Joey Carbery shows the beauty of backing yourself after a bad start

This lad is some piece of work

Patrick McCarry

LEINSTER 24-17 MONTPELLIER

Joey Carbery doesn’t lack for confidence.

Sometimes you have to remind yourself that Carbery is still only 21-year-old and only 14 months into his professional rugby career.

So seamless has the step-up from Clontarf to Leinster and then to Ireland that there were legitimate calls from major rugby figures that Carbery should have been a Lions bolter to New Zealand.

Having started his journey with Leinster as an outrageously attacking outhalf, Leo Cullen and Stuart Lancaster appear to have settled on giving Carbery an extended run in the No.15 jersey. Of course, Rob Kearney’s hamstring issues have made their choice simpler.

Carbery did not exactly have the best of halves in Leinster’s Champions Cup clash with Montpellier at the RDS but he showed what perseverance and backing one’s own abilities can do for you.

The sun was out and the RDS was 90% full, with a smattering of travelling, French fans in amongst the home support and in good voice. Leinster were favourites but the visitors had the likes of Frans Steyn, Nemani Nadolo, Louis Picamoles and Ruan Pienaar in their starting XV.

For the first quarter hour, everything the Leinster fullback touched fell to pieces. He had two poor kicks from hand and one dropped pass. One bout of aerial ping pong saw him knock on and cost his team 30 metres, leading to groans as the game was still tied at 0-0.

Csrbery kept coming; kept calling the ball on himself.

After a powerful Isa Nacewa burst, Carbery put Ross Byrne through a gap with a well-timed pass. Four phases later and, with play sweeping left to right, Byrne repayed the favour. His pass was well-timed but Carbery still had two Montpellier men to beat.

He did just that as he pumped towards the tryline and dived low. Opposite number Jesse Mogg tried his best to dislodge the ball but Carbery would not be denied.

Carbery’s score, and another for in-form Josh van der Flier, left it 12-9 at half-time. When Robbie Henshaw got over, early in the second half, it was starting to look cosy.

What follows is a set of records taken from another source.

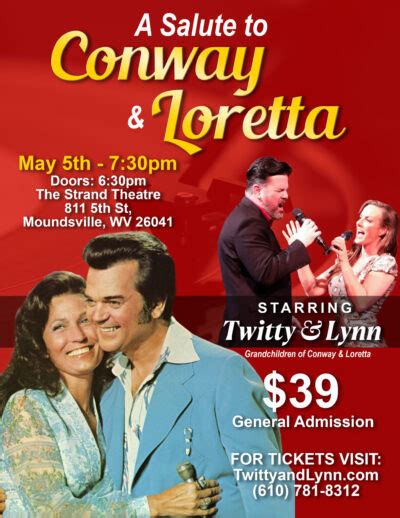 Twitty And Lynn A Salute To Conway And Loretta Lede News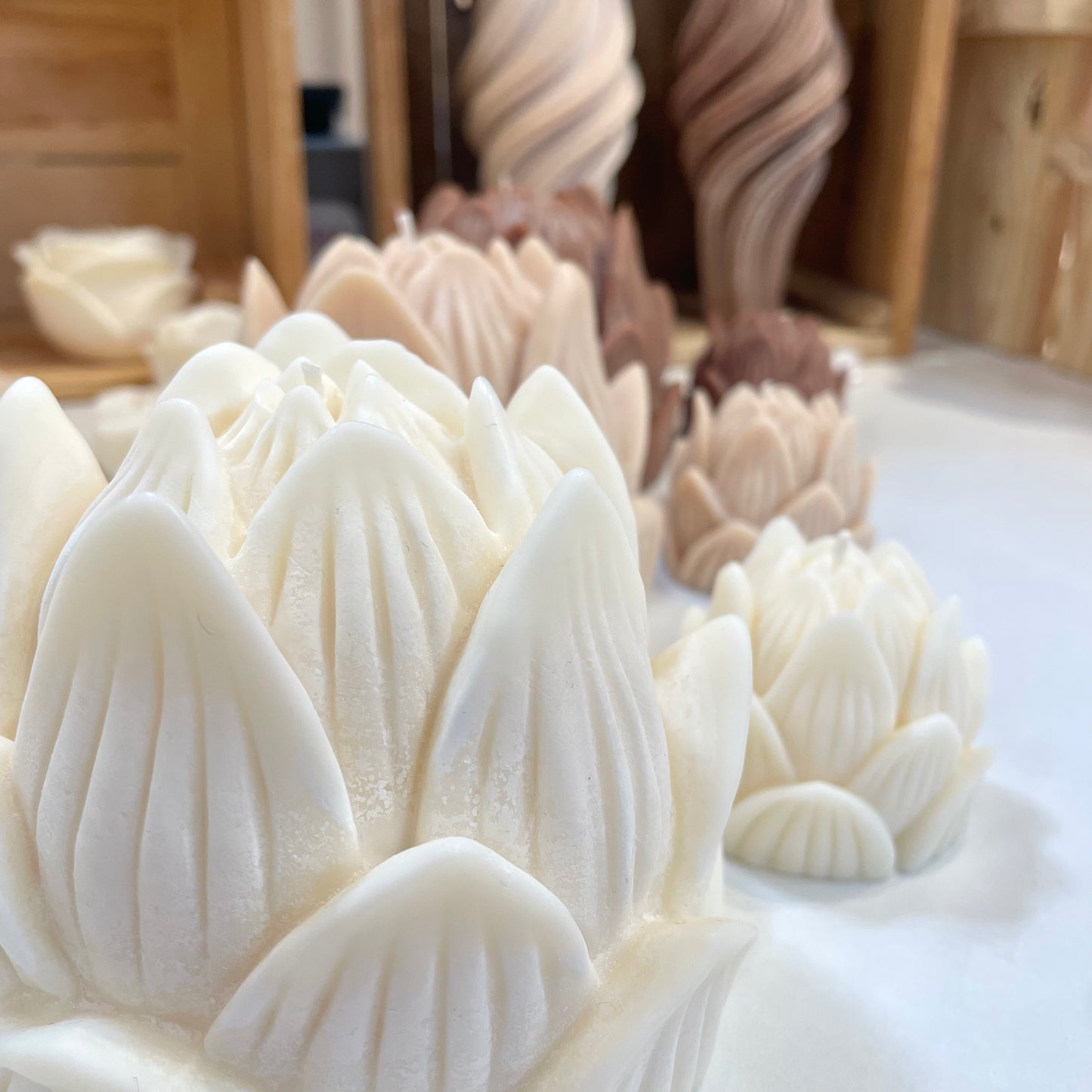 ÉPANOUIE - Bougie Parfumée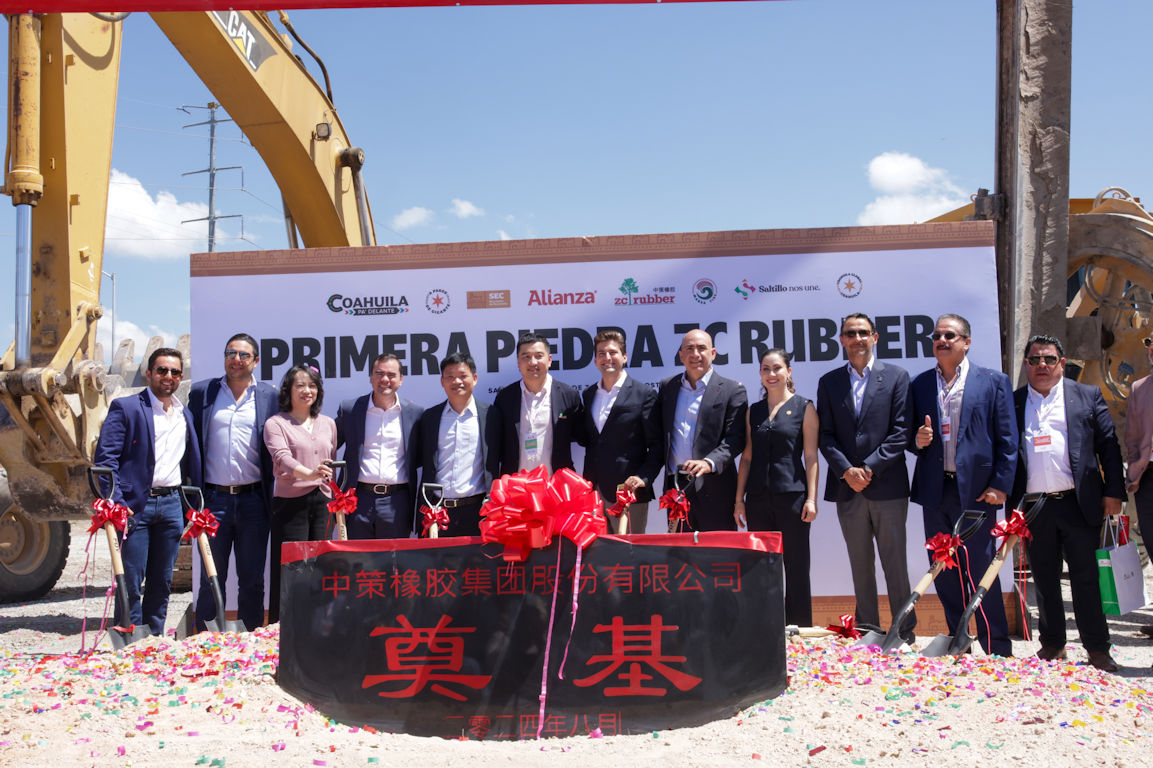 ZC Rubber breaks ground on new factory in Mexico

They struggled to kill off the game, though, and Nadolo’s second, with 20 minutes left, made it a five-point game.

That man Henshaw, soon after a rousing turnover, did the damage in attack as he timed a pass perfectly to help set up Barry Daly for Leinster’s tryscoring bonus point. Pienaar landed a penalty to make it 24-17 and Adam Byrne’s yellow card, soon after, made for a dicey finalé.

It was left to Carbery to come up with the big defensive play as he sprung on substitute Timoci ‘Jimmy’ Nagusa to prevent a certain try out wide. Michael Bent, Sean Cronin and Cian Healy won a resulting scrum penalty and Leinster were home. Carbery had started poorly but finished like s champion.

With no return date set for Kearney, and the November Tests getting closer, Carbery’s bulletproof confidence and attacking form – ball-in-hand, at least – are good to see.

Joe Schmidt has the likes of Tiernan O’Halloran, Simon Zebo and Andrew Conway to choose from, but Carbery will definitely be up for consideration.